El departamento de psicología ideó un breve cuestionario para valorar cuáles habían sido las emociones y las consecuencias comportamentales más frecuentes durante el confinamiento de las personas mayores, tanto de las institucionalizadas como de las que seguían residiendo en sus hogares, pero eran usuarias de servicios de promoción de la autonomía personal (centros de día).
Todos hablaban el mismo idioma: “hemos pasado mucho miedo, no por nosotros, sino por nuestros hijos, nuestros nietos y bisnietos, temíamos que cogieran el bicho”.
Una muestra más de su inmensa generosidad y dedicación a los demás, habiendo estado más preocupados por “los suyos” que por ellos mismos.
Tras meses de confinamiento, es lógico el hartazgo que manifiestan por la situación de semi-aislamiento en la que aún permanecen, haciendo que un poco de aire fresco, estirar “las patas” y un acompañamiento sincero sean verdaderos tesoros para ellos y es que el proceso de desescalada en los centros socio-sanitarios está siendo muy riguroso, ya que es absolutamente inviable contemplar un rebrote del virus.
Quiero terminar estas palabras con la vivencia que el señor José nos relató durante una de las sesiones en el grupo de apoyo emocional.
Nos contó que mientras estuvo hospitalizado por la COVID-19, hubo momentos en los que deseó recibir la eutanasia, refiriéndose a ella como «la anastasia esa».
Su queja no era la sintomatología de la insuficiencia respiratoria que padeció, sino la falta de afecto y cercanía de sus cuidadores en aquella habitación donde sintió verdadero miedo a morir solo.
Hoy, ya negativizado, retoma sus rutinas, se reencuentra con sus compañeros y también con sus ausencias, que se van haciendo visibles en el día a día.
Ya no quiere la «anastasia», hoy sabe que quiere seguir viviendo, ahora sí se siente atendido, querido y sobre todo, persona.

Es difícil explicarle que la guerra vivida en los hospitales ha impedido que la asistencia sanitaria humanizante estuviera siempre presente, y también es difícil para los profesionales sanitarios, recurrir a ella cuando el mantra es «salvar vidas a toda costa».

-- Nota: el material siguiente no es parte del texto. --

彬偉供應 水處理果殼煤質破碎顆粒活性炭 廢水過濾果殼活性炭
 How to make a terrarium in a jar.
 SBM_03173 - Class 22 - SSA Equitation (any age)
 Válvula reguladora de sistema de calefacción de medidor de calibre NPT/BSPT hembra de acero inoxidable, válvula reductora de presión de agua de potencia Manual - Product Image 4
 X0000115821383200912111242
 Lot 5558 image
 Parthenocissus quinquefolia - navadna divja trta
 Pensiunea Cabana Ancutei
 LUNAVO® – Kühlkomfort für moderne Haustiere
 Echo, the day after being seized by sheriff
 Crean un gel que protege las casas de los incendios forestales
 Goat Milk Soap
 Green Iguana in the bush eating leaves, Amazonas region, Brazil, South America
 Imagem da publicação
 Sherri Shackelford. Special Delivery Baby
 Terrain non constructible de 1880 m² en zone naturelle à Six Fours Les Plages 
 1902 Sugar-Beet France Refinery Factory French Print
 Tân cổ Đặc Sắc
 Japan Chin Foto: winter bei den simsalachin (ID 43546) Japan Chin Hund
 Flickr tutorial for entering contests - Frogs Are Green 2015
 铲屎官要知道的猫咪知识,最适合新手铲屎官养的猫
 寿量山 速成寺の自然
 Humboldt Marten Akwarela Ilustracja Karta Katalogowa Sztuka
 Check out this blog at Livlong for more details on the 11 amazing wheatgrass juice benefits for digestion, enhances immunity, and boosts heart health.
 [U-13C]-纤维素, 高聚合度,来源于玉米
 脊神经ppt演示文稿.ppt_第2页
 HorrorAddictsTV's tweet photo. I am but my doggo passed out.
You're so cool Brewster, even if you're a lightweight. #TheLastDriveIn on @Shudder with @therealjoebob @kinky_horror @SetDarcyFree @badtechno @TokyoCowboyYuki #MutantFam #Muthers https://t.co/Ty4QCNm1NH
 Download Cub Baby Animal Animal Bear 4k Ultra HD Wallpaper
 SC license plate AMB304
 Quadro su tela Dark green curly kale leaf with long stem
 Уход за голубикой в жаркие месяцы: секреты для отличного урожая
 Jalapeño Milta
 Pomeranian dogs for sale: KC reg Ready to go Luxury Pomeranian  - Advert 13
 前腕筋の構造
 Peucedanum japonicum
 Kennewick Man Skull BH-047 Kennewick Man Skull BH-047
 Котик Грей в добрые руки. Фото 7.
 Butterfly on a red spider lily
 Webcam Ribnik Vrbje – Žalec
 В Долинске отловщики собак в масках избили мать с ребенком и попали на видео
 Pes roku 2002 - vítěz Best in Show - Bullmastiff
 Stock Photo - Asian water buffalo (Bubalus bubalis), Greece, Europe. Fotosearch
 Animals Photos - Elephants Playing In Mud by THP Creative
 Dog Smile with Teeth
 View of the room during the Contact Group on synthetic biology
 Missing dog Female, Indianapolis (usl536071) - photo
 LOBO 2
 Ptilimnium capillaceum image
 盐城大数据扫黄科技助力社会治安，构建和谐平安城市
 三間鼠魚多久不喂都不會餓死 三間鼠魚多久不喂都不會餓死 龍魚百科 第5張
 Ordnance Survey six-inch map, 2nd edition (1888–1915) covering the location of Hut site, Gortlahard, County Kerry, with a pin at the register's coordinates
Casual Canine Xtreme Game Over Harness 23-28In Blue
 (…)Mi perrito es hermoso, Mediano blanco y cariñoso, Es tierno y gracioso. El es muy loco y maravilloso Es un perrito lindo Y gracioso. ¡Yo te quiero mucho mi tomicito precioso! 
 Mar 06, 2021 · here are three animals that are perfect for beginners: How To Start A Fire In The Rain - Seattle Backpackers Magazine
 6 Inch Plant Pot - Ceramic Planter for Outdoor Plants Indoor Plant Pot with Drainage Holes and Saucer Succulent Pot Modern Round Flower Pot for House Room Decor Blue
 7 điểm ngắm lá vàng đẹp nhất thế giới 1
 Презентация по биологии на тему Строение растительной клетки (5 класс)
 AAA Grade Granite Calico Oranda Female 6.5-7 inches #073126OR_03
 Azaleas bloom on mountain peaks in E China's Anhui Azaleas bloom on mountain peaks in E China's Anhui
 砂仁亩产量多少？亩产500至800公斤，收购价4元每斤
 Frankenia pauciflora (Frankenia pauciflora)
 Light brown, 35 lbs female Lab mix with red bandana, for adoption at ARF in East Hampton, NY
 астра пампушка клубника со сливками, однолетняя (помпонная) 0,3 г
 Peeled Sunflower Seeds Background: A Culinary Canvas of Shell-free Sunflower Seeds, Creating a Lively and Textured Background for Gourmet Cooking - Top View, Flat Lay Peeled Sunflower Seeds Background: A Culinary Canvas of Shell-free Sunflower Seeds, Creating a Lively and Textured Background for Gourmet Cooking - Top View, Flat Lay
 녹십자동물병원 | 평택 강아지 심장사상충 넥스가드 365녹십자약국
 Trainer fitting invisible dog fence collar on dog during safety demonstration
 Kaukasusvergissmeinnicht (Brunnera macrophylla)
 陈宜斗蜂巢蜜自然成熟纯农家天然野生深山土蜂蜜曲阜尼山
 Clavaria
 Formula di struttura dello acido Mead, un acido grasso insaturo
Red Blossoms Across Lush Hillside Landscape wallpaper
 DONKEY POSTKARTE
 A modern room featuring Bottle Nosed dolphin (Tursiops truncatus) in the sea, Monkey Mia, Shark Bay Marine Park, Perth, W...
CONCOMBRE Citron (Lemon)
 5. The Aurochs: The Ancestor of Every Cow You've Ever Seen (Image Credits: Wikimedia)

José nos muestra que la petición de la eutanasia en las personas de edad, suele sostenerse en una pérdida del sentido de vida, una pérdida del reconocimiento de la dignidad de la persona.
Los viejos cuando expresan que quieren desaparecer (asunto muy común) no lo suelen argumentar con sus dolores físicos y déficits diversos, sino con su profundo sentimiento de inutilidad y soledad…
Ojalá que esta terrible tragedia nos sirva de trampolín para verdaderamente construir una «nueva normalidad» que no pase por naturalizar el deseo de morir de los viejos y viejas, una “nueva normalidad” en la que los centros residenciales se conviertan en hogares cálidos en los que sus habitantes sean el centro de nuestras intervenciones.
In memoriam de todas las personas fallecidas durante esta pandemia.